Description of project by Guillermo Vázquez Consuegra
The Monastery of Santa Maria de las Cuevas should be understood as not just a building but a small walled city. A city analogous to the city of Seville located across the Guadalquivir and like Seville subject to a continual process of modification over its five centuries of existence.
Many were the events which fell upon the monastery, accelerating change and transformation: the Lisbon earthquake, the French occupation..., but above all it was the river's powerful forces in the form of frequent flooding which time and again made necessary its reconstruction.
After the secularization of 1835 the monastery, then in a state of great decay was taken over by Pickman the English businessman who installed his famous ceramic factory.
Furnaces and chimneys began to emerge gradually beside the towers and belfries, intermingling with the existing structures, renovating dependencies, filling gaps modifying the relationship which existed between the older buildings and the exterior spaces. A dense, chaotic, labyrinthian framework in which new structures are superimposed over the altered fragments of the old original fabric.
Our intervention occurs within the area which has come to be known as the manufacturing area characterized by its industrial facilities and the absence of religious structures: a layman's cloister with its cells and garden plots, the procuratory, and a series of structures containing warehouses, granaries, furnaces and stables.
There was a great range in the quality and state of preservation of the buildings. The spaces which resulted from the juxtaposition of structures were often of greater interest than the buildings themselves.

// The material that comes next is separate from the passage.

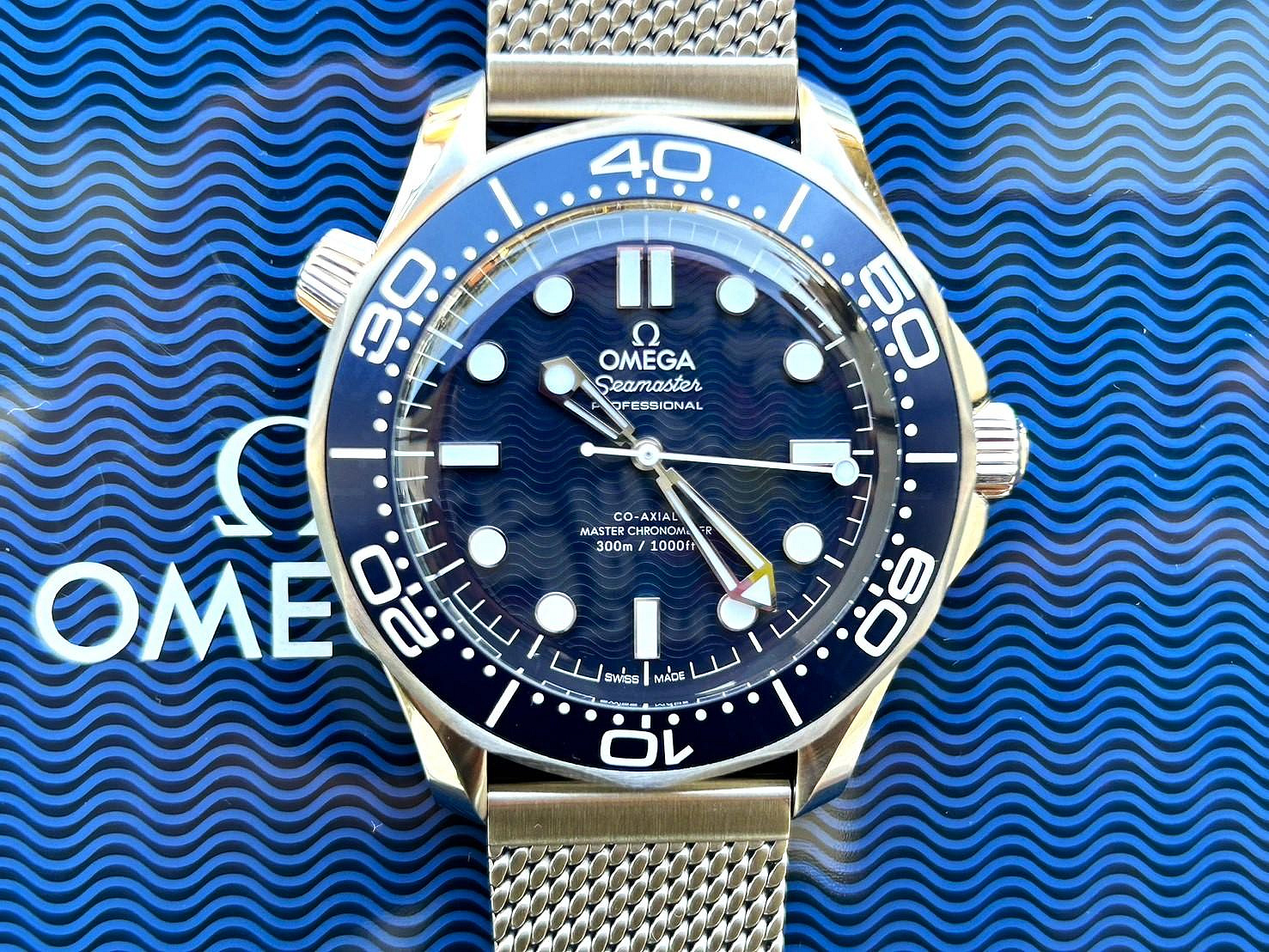 飛馬當舖 OMEGA 歐米茄 2023保單 Seamaster 21030422003002 米蘭鍊帶款 60周年 007紀念版 海馬 透背 旋轉花紋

Instituto Andaluz del Patrimonio Histórico by Guillermo Vázquez Consuegra. Photograph by Hisao Suzuki.
The warehouses along the western edge of the site and the large granaries were found to be in fairly good shape despite having suffered severe modifications. The remains of the loggia and almost unrecognizable layman's cells could also be discerned amid a dense network of decanting pools and sheds.

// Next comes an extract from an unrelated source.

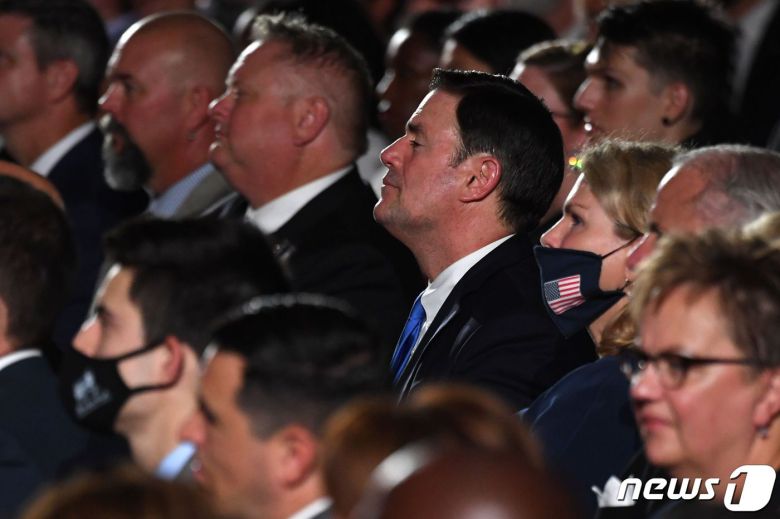 더그 듀시 미국 애리조나 주지사가 27일(현지시간) 공화당 전당대회 마지막 날 워싱턴 백악관 로즈가든에서 도널드 트럼프 대통령의 후보 수락연설을 듣고 있다. © AFP=뉴스1 © News1 우동명 기자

The intervention was to be divided into several phases, the first of which dealt with evaluating which structures were to remain, followed by demolition, temporary consolidation, and other measures intended to clarify the area's confused organizational structure.

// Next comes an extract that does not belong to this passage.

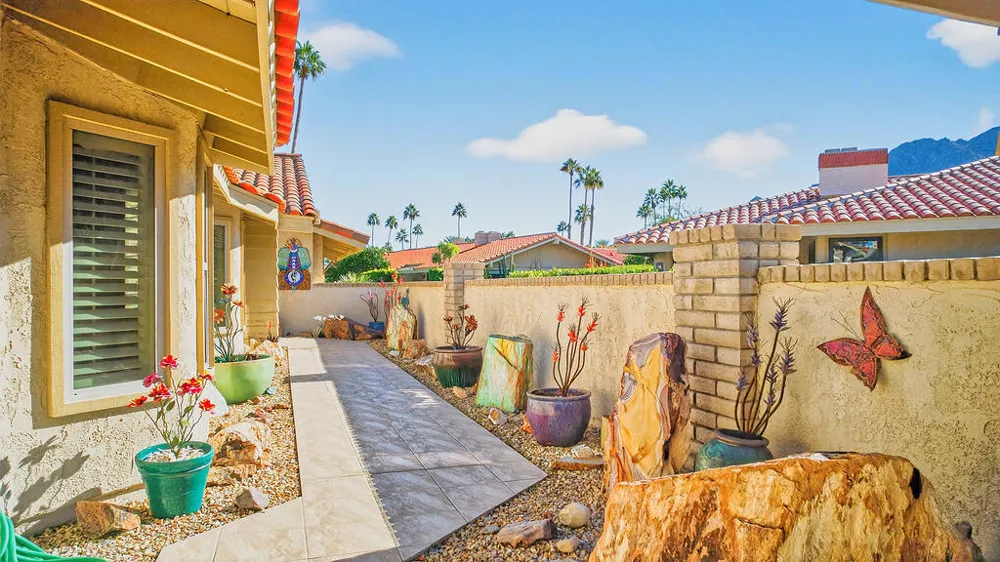 45668 Pueblo Road Indian Wells, CA 92210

Following some initial indecision concerning the program which affected the early stages of the intervention, it was decided that the complex would house the Andalusian Heritage Institute. A complex consisting of five zones: workshops, laboratories, research facilities, administrative, reception and exhibition areas.
As a point of departure, we considered the precinct a collection of pieces of distinct organization and character, a complex structure defined by its accumulative, fragmented condition which was the result of both the indiscriminate growth of the manufacturing facilities and the massive demolition which took place before the intervention.
The intervention attempts to affirm this episodic, discontinuous condition by building along the edges, adding new structures, controlling the relationships, scale and proportions, completing fragments, opening up new spaces, and maintaining the extraordinary urban quality--with its cloisters, alleyways and courtyards-- of the host building.
The first stages of construction (which also occurred in phases) began without the existence of a program brief. The older buildings, or rather their remains suggested the path to take, proposing an architecture which would be rooted in the experience of that which already exists.